Durante décadas, alguns cientistas expressaram preocupações de que o vírus da varíola dos macacos pudesse ter se tornado melhor em infectar pessoas – ironicamente porque erradicamos seu parente, a varíola, no final dos anos 1970. A vacina contra a varíola protegeu incidentalmente contra a varíola dos macacos. E quando novas gerações nasceram em um mundo sem campanhas de varíola ou de vacinação contra a varíola, elas cresceram vulneráveis. Na República Democrática do Congo, essa diminuição da imunidade fez com que as infecções por varíola dos macacos aumentassem 20 vezes nas três décadas após o desaparecimento da varíola. Isso dá ao vírus mais chances de evoluir para um patógeno mais transmissível em humanos. Até o momento, seu R0 – o número médio de pessoas que contraem a doença de uma pessoa infectada – foi inferior a 1, o que significa que os surtos desaparecem naturalmente. Mas pode eventualmente evoluir acima desse limite e causar epidemias mais prolongadas.

Essa possibilidade lança uma nuvem de incerteza sobre os atuais surtos.Estamos diante de uma nova e mais transmissível cepa de varíola dos macacos? Ou eles são simplesmente o resultado de pessoas viajando mais depois que as restrições globais do COVID foram liberadas ? Até agora, os casos são mais numerosos do que um surto normal mas não tanto a ponto de sugerir um vírus radicalmente diferente.
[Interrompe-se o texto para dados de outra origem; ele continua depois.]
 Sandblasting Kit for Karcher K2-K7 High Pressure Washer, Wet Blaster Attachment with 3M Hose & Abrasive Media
As respostas devem vir rapidamente. Em poucos dias, os cientistas devem ter sequenciado os vírus dos surtos atuais, o que mostrará se eles abrigam mutações que podem ter alterado suas propriedades. Dentro de semanas, os epidemiologistas europeus devem ter uma ideia mais clara de como os casos existentes começaram e se há conexões entre eles.

Além disso, já existe uma vacina. Uma vacina contra a varíola é 85% eficaz na prevenção da doença e já foi licenciada para uso contra o vírus. E como outra precaução de bioterrorismo, os estoques de três vacinas contra a varíola são grandes o suficiente para vacinar basicamente todos nos EUA.E embora os pacientes com varíola geralmente recebam apenas cuidados de suporte, existe um tratamento possível e também foi armazenado: o tecovirimat, ou TPOXX , foi desenvolvido para tratar a varíola, mas provavelmente funcionaria também para a monkeypox.
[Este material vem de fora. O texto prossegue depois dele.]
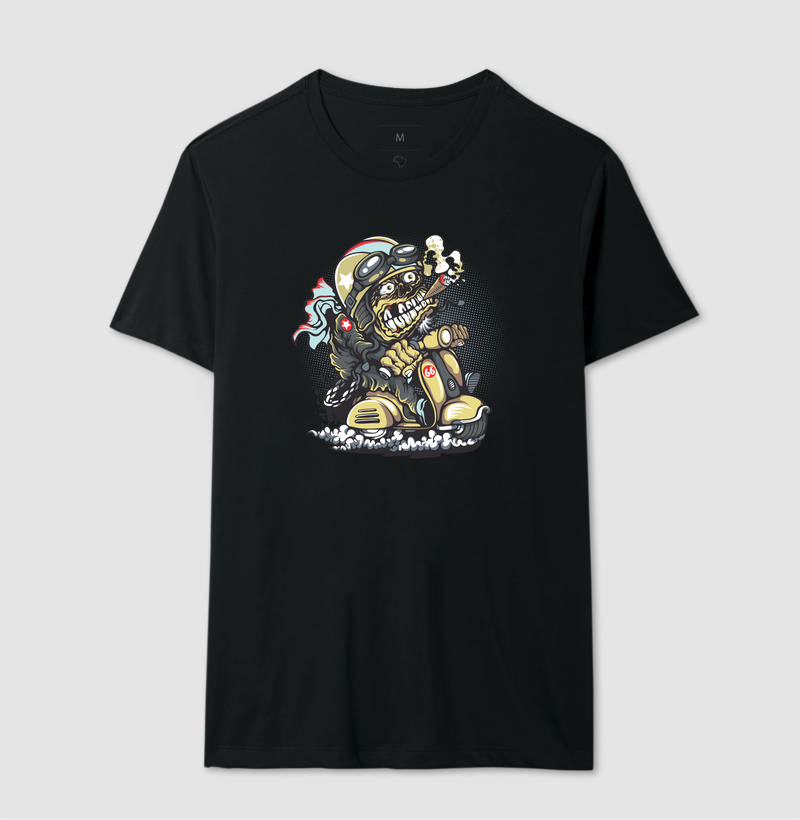 Camisa 8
Existe uma diferença na taxa de mortalidade dependendo da cepa viral. A taxa de mortalidade frequentemente citada de cerca de 10% se aplica a uma cepa que infectou pessoas na Bacia do Congo. A cepa da África Ocidental, à qual vários dos casos atuais estão ligados, tem uma taxa de mortalidade próxima de 1% – e isso ocorre em populações rurais pobres. Ainda assim, como o COVID mostrou, mesmo quando uma doença não mate, dificilmente pode contar como “leve”. Monkeypox pode não decolar da maneira que o COVID fez, mas para aqueles que a contraem, continua sendo uma “doença substancial”.Os pacientes mantém sintomas por duas a quatro semanas. É urgente identificar as pessoas cedo, tratá-las e identificar contatos. Um sintoma comum é a erupção cutânea óbvia, que parece uma versão extrema da catapora. Mas, ao contrário da varicela, as lesões são inicialmente mais dolorosas eos gânglios linfáticos estão inflamados.

Como a COVID mostrou, as narrativas iniciais sobre uma doença podem se transformar rápida e prematuramente em uma tradição aceita. E essas narrativas se transformam em estigma.A comunicação pode ser um dos desafios mais difíceis da monkeypox, como tem sido com a COVID.